In Sunday pregame land, Jason's going head-to-head with Chris Mortensen and Adam Schefter, who I assume will be on the Sunday morning show (and the rest of the Clayton/Werder/Paolantonio/Nichols team), and then there's scoopman Jay Glazer at Fox, who drops a bomb every week. And I haven't even mentioned Charlie Casserly and his enlightened spot on CBS. I know LaCanfora's work ethic, and whatever they're paying him, he'll earn. But he's got some powerhouses in his way.
5. I think Matt Millen might be getting cold feet about the Thursday night NFL Network gig. The one guy the network's considering for a spot on the Thursday games -- and I love this idea -- is Mike Mayock, using him as sort of a teacher of all things football. If Mayock, who I think is as smart as they come on this side of the business, can explain semi-complex things like coverage schemes and players' weaknesses in 18 seconds instead of the 30 it usually takes, he could come on six to 10 times during a game and become the kind of teacher every football telecast needs.

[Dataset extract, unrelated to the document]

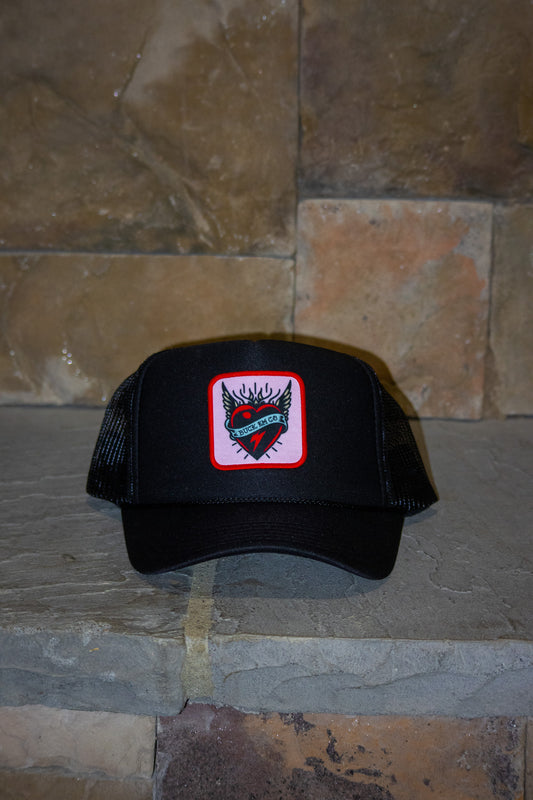 Buck Em Heart (Black Foam Cap)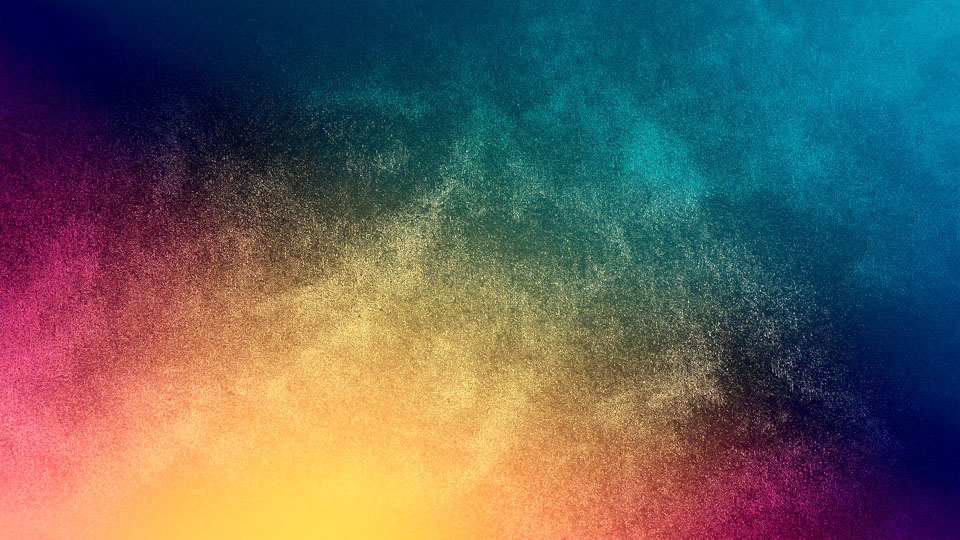 Grainy gradient with a mix of blue, red and yellow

6. I think, not to overwrite TV, one of my pet peeves over the last couple of years has been how the football and media world is obsessed about how many people NBC uses on its Sunday night Football Night in America show. Obviously, I've been a part of the team for the past three years, so I'm the least partial person to comment here. But let's line up the shows and count the talent, based on 2008 lineups, and not including field reporters:
NFL Network: Five or six, depending on the time of year. The Sunday pregame show started the year two hours and expanded to three in midseason. With the two-hour show, there were four in the studio and a reporter, Schefter, reporting often from New York. When the show went to three hours, Steve Mariucci was added to the studio.

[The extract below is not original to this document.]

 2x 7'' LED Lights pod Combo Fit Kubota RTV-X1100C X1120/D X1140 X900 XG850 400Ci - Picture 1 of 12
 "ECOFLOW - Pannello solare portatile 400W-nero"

ESPN. Six. The two-hour Sunday show will presumably add a seventh this year in Schefter, while keeping five men on the regular set and Mortensen off to the side of the set.
Fox. Six, with an asterisk, for the one-hour show. Five on the set, plus four or five regular shots with Glazer. But you might as well call it eight ... with Jillian Reynolds (weather) and Frank Caliendo (picks) appearing for a couple of minutes during every show.
CBS. Five for the one-hour show, including the regular four- or five-minute segment with Casserly and James Brown.
NBC. Varied between five and seven for the 75-minute show. But when it was seven, I'd bet numbers five through seven -- me, Tiki Barber, Jerome Bettis -- took a total of six or seven of the 75 minutes.
Did we have more bodies on the set? Not more than Fox, if you count Caliendo and Reynolds, and assuming Schefter joins the ESPN set, ESPN will have the same number. If NBC was overloaded, why aren't those shows overloaded, too?